During a 10-day stretch this month, I took seven flights, maneuvered throughout five airports, dealt with one lost bag*, faced one cancelled flight and spent one night in the Atlanta airport (I recommend Terminal C. The lack of the armrests on the seat rows makes for a surprisingly comfortable make-shift bed). I also traveled on completely full flights and paid noticeably more for my tickets.

During my ample hours of airport meditation time, I contemplated the cause of my uncharacteristic travel woes. I shifted away from the ever-so-tempting urge to blame my annoying waits and detours on the airlines. Rather, I placed blame much more accurately on rising fuel prices (plus a little bit of unpredictable summer weather and a pinch of bad luck).

The airlines are struggling, and it seems the days of empty flights, cheap tickets and free perks have ended.

Fuel costs directly influence fares. Currently, about 40 percent of an air fare goes to paying for fuel, up from 15 percent in 2000, according to a June 13 Reuters article. Domestic tickets cost 6.8 percent more per mile compared to last year, according to a June 20 MarketWatch article. United, American and Delta have increased domestic fares by up to $60, and even discount carrier AirTran upped fares by $30, according to a June 17 CNN.com article.

To cut costs, many of the major airlines are reducing flights. Delta, for one, is cutting capacity by 13 percent, according to a June 19 New York Times article. Fewer flights mean less travel flexibility—likely the reason why I was forced to take two 6 a.m. flights in this most recent travel spree, despite a personal promise never to fly before brunch-time. Limited flights also mean that missing a connection could become an even-more annoying adventure, as the time until the next available flight is certainly increased, and perhaps overnight. And, fewer flights mean crowded planes creating less space for carry-ons (and beware about checking a bag, because you’ll soon have to pay for that as well), longer boarding and de-boarding waits, and no empty seats, which sadly means no more lay-down midflight naps.

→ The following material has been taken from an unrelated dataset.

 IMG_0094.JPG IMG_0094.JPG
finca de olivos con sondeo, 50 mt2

So, what’s a traveler to do in these tough travel times? I recommend booking early, packing light and buying a neck pillow. Oh, and come with ample patience, and avoid blaming the airlines and their personnel** for your travel pains unless it really is their fault (and even then, try to be nice about it).

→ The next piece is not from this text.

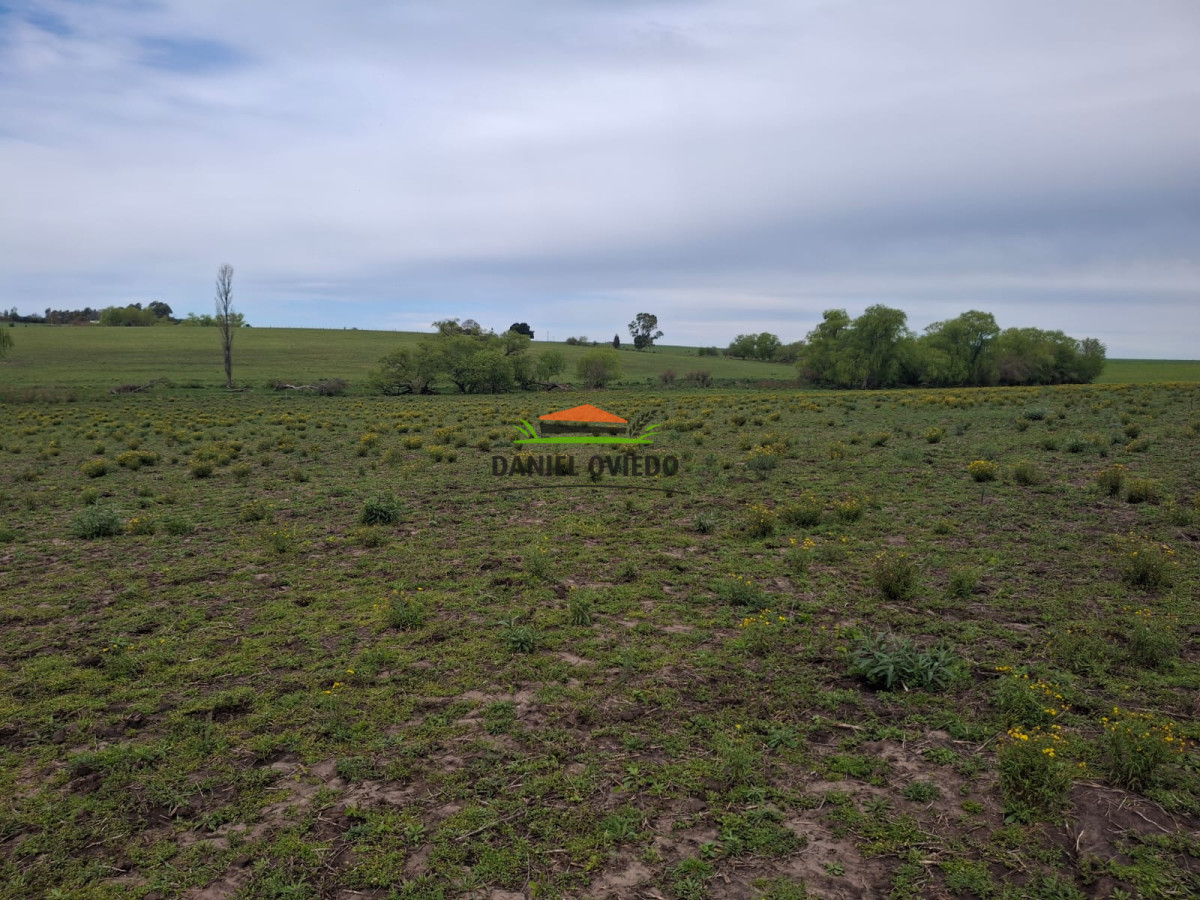 Campo Ref.273/Muy-buen-campo-en-venta-en-Las-Flores-con-renta-asegurada. - Muy buen campo en venta en Las Flores con renta asegurada.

*Did you know that you can buy items from unclaimed baggage? Check out the Unclaimed Baggage Center in Scottsboro, Ala. They buy truckloads of unclaimed baggage and flip it—thankfully my baggage is not included in their unique wares, as it was returned to me after a brief journey to Puerto Rico.

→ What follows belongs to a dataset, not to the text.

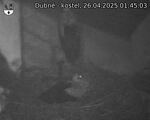Capi_Dubne_20250426_014503.jpg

**I was on a plane in taxi at Washington Reagan three weeks ago right as a thunderstorm started to roll through. As sideline rain obstructed our view of the constant lightening flashes all around, and strong winds shook the plane as it sat on the ground, a fellow passenger in front of me became livid and berated the flight attendant about missing his connection on the other end. Really?